FAQ Question 3.1.17 states that for a Phase 2 reports in the Table 1 format that a change in UTI may be implemented through a modification of the existing report using either the <previousUniqueTransactionIdentifier>  for the Version 1 schema or the < additionalUtiInfo> field in the case of the Version 2 schema. The following question has been raised: For Table 1 Phase 2 reports is this process mandatory, or can the Phase 1 Table 1 process of erroring out the first report and resubmitting a new report with a new UTI (without a link to the previous UTI) be used as an alternative process?

Practical example: a new Phase 2 Table 1 report is successfully submitted by an MP but subsequently they wish to correct the UTI after discussion with the counterparty. They submit a report for that UTI with ActionType = “E” and they then submit a new report for the same deal with a new UTI (matching the counterparty’s UTI) with ActionType = “N”, they do NOT include any information about the original report or its UTI in the newly submitted report. Is this an acceptable process for correcting the UTI?


Answer:

Market participants should clearly distinguish the Error “E” from the Modification “M” case. As indicated in the TRUM, “E” for Error should be used to denote a cancellation of a wrongly submitted report, while “M” for Modification should be used for the modification of the details of a previously reported contract.
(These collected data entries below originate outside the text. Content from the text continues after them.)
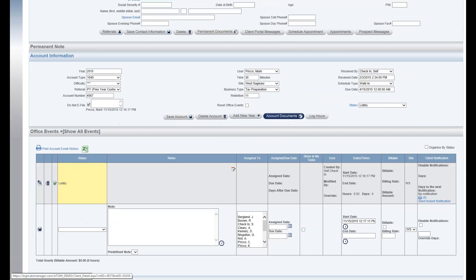Now to have the log hours button actually display, you have to have a billable rate associated with the user, and that's done on their user page in the tax reporting information section. That's all I have. Thank you.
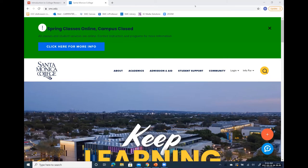Good morning. My name is Mary Carpenter. I'm one of the librarians at Santa Monica College. Today we're going to do a workshop on research methods, where I'll discuss the various types of information, how to locate and access information sources, ways to help you decide on a research topic, discovering book and article resources, evaluating resources, citation, and other parts of your research.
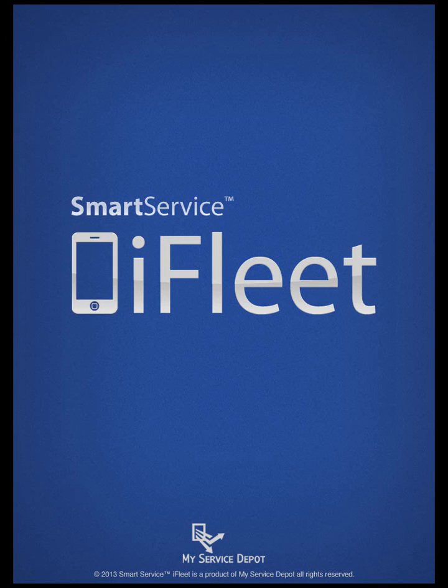Hi, this is Rain from My Service Depot. In this video, we're going to discuss using the equipment feature from within iFleet.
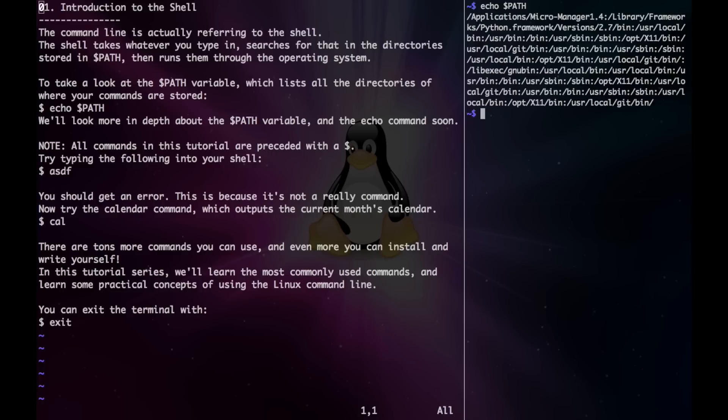Note that all commands in this tutorial are preceded with a dollar sign. Now try typing the following into your shell. You should get an error. This is because it's not a real command.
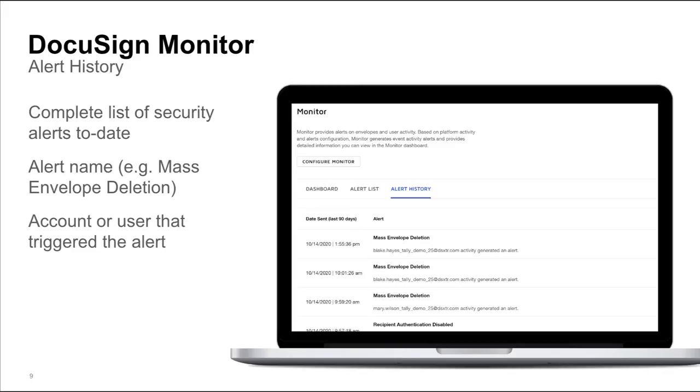In the Alert History tab, security teams can see a complete list of alerts by time, alert type, and user to help identify trends that could lead to system vulnerabilities.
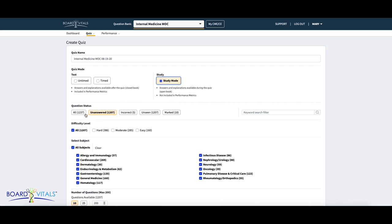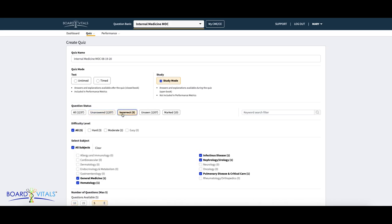After selecting your quiz mode, you can select question status. Selecting all will consider every available question in the question bank. Unanswered will pull only the questions that you have not answered yet. Incorrect will use just the questions that you have historically answered incorrectly.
In order to correct the UTI that was wrongly submitted, the original report needs to be cancelled with Action type “E” and a new report with a new UTI (matching the counterparty’s UTI) has to be submitted for the same deal with Action type “N”. The new report does not have to include any information about the original report or its UTI, since the original report was wrongly submitted in the first place.

However, with regard to Question 3.1.17 of the FAQs on REMIT transaction reporting, if a market participant’s counterparty provides the UTI after T+1 day or T+1 month, or alternatively not at all, the market participant who is reporting its reports should submit a temporary UTI. Once they have received the UTI from their counterparty, a ‘Modify’ report should be submitted to modify the previous report, recalling the old UTI.

If a report is due to be reported on a T+1 day basis, all life cycle events related to that report have to be reported on a T+1 day basis. Otherwise, if a new report is due to be reported on a T+1 month basis, all life cycle events related to that report have to be reported on a T+1 month basis. Examples of ’modification‘, ’early termination‘ and ’error‘ reports are available in Annex II to the TRUM.